I am using a 3rd party application (Debezium Connector). It has to write date time strings in ISO-8601 format into a TIMESTAMPTZ column. Unfortunately this fails, because there is no implicit cast from varchar to timestamp tz.
I did notice that the following works:
SELECT TIMESTAMPTZ('2021-01-05T05:17:46Z');
SELECT TIMESTAMPTZ('2021-01-05T05:17:46.123Z');
I tried the following:
CREATE OR REPLACE FUNCTION varchar_to_timestamptz(val VARCHAR)
RETURNS timestamptz AS $$
SELECT TIMESTAMPTZ(val) INTO tstz;
$$ LANGUAGE SQL;
CREATE CAST (varchar as timestamptz) WITH FUNCTION varchar_to_timestamptz (varchar) AS IMPLICIT;
Unfortunately, it gives the following errors:
function timestamptz(character varying) does not exist
I also tried the same as above but using plpgsql and got the same error.
I tried writing a manual parse, but had issues with the optional microsecond segment which gave me the following
CREATE OR REPLACE FUNCTION varchar_to_timestamptz (val varchar) RETURNS timestamptz AS $$
SELECT CASE
WHEN $1 LIKE '%.%'
THEN to_timestamp($1, 'YYYY-MM-DD"T"HH24:MI:SS.USZ')::timestamp without time zone at time zone 'Etc/UTC'
ELSE to_timestamp($1, 'YYYY-MM-DD"T"HH24:MI:SSZ')::timestamp without time zone at time zone 'Etc/UTC' END $$ LANGUAGE SQL;
Which worked, but didn't feel correct.
Is there a better way to approach this implicit cast?

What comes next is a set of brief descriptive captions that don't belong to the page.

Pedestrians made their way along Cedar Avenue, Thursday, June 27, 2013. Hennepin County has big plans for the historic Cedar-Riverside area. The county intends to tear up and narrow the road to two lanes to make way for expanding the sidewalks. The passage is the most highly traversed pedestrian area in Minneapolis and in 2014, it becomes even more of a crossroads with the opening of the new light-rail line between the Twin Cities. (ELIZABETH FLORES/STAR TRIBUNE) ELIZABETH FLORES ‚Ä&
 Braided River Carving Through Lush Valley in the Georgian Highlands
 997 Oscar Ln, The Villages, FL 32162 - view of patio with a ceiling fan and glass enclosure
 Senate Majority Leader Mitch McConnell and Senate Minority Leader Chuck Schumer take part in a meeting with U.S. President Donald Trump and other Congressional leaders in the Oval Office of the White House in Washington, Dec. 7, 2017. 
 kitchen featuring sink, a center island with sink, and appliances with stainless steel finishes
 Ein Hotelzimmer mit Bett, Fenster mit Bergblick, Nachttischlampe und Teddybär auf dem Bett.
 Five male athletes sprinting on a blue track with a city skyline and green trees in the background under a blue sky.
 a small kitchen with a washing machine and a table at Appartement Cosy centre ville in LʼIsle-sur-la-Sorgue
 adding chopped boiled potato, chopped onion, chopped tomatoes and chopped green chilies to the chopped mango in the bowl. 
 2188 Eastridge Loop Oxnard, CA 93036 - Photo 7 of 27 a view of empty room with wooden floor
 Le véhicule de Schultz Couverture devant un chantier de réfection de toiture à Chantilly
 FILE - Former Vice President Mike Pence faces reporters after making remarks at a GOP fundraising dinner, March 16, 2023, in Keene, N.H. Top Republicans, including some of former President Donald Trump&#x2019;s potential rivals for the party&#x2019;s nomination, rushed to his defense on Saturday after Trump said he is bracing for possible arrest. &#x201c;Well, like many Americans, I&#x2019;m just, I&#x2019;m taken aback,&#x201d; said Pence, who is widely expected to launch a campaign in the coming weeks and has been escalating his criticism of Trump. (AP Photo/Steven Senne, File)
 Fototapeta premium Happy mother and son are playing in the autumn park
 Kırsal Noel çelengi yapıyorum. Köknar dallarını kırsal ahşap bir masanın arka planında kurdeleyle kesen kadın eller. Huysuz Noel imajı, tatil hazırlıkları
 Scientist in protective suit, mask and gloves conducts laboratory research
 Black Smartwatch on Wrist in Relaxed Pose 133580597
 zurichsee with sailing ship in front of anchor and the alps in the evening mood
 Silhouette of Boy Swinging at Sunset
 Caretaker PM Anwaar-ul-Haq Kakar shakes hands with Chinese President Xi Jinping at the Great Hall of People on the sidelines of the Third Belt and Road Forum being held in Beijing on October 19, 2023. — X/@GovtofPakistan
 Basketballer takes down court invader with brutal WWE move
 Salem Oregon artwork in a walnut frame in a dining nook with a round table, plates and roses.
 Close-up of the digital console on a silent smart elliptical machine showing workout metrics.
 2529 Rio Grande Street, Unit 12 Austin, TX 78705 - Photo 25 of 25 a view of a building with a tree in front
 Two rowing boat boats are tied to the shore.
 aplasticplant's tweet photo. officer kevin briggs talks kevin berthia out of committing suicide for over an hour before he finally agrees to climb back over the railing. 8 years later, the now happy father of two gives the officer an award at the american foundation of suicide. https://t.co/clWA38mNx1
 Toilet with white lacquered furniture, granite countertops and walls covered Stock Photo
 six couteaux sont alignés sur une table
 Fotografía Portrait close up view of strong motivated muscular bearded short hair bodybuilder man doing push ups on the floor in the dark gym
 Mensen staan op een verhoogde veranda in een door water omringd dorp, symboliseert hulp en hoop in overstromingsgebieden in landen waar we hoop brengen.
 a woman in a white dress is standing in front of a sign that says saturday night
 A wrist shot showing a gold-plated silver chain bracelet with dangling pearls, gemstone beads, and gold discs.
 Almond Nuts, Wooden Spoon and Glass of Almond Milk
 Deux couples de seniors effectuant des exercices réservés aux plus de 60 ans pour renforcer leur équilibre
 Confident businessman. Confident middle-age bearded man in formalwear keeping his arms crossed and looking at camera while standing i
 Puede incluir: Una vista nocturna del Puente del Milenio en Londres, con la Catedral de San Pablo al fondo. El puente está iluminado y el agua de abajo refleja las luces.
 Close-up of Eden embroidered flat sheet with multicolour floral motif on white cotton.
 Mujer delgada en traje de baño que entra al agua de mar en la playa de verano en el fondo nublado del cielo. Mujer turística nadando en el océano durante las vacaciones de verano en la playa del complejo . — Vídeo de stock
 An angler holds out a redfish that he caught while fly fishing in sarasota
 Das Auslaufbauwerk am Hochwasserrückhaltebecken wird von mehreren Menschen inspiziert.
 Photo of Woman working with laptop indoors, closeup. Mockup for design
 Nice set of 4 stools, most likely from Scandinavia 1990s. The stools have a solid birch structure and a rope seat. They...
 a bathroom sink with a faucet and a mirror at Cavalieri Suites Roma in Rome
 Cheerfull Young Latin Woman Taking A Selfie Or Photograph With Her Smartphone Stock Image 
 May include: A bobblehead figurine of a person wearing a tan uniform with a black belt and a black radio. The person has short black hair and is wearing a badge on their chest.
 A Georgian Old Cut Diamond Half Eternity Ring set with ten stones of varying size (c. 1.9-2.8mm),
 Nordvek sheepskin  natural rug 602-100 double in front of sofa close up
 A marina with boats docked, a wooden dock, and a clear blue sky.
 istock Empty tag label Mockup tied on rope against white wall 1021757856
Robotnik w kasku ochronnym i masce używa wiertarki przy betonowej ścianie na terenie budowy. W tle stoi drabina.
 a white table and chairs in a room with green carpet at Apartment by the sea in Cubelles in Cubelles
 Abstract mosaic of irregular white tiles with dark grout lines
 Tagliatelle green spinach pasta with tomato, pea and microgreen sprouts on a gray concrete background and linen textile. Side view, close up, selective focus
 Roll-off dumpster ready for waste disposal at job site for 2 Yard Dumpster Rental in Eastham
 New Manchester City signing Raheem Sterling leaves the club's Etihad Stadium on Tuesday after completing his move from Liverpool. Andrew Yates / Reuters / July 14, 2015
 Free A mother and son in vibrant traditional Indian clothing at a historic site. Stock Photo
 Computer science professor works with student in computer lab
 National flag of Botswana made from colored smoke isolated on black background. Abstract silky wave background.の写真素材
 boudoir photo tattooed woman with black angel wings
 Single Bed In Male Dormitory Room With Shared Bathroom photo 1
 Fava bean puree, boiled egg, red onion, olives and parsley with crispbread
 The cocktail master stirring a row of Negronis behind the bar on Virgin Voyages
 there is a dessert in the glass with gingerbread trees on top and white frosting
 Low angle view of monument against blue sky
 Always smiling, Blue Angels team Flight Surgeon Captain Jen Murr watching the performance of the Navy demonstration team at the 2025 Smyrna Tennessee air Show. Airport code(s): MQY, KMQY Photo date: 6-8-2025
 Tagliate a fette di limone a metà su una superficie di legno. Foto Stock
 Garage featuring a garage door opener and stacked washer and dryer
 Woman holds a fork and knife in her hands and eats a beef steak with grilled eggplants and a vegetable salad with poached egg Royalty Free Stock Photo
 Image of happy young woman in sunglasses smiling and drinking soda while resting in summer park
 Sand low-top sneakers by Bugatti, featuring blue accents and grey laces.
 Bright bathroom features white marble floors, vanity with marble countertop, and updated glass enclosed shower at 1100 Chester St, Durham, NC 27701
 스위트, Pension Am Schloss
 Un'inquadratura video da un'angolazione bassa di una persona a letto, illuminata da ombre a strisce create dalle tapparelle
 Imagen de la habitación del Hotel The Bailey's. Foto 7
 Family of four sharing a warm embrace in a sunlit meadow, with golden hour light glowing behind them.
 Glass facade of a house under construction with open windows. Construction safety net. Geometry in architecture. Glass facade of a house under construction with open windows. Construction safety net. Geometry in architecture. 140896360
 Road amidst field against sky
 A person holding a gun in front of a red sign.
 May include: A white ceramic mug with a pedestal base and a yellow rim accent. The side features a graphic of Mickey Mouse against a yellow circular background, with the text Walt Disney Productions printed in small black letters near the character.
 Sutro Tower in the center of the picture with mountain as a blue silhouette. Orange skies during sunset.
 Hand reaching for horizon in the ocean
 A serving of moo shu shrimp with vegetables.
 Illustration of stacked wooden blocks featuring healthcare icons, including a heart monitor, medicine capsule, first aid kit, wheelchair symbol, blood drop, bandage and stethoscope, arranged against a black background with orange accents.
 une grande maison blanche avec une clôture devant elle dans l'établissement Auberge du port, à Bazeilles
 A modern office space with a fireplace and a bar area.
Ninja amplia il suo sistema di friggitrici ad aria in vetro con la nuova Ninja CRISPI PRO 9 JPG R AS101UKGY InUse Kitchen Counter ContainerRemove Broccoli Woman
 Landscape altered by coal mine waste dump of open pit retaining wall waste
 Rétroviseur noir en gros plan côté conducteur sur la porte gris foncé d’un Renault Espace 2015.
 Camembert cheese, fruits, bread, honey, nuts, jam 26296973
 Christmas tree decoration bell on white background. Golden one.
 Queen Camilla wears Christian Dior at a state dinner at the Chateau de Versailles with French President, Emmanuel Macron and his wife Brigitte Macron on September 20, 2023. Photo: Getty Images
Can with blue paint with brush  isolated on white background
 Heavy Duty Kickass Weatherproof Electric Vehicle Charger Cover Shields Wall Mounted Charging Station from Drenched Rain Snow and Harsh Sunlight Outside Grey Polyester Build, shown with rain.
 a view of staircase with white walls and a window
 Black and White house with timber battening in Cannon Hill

If the value should be converted upon insert, define an assignment cast. You need no function; using the type input and output functions will do:
CREATE CAST (varchar AS timestamptz) WITH INOUT AS ASSIGNMENT;
Be warned that messing with the casts on standard data types can lead to problems, because it increases the ambiguity. It would be much better if you could find a way to use an explicit cast.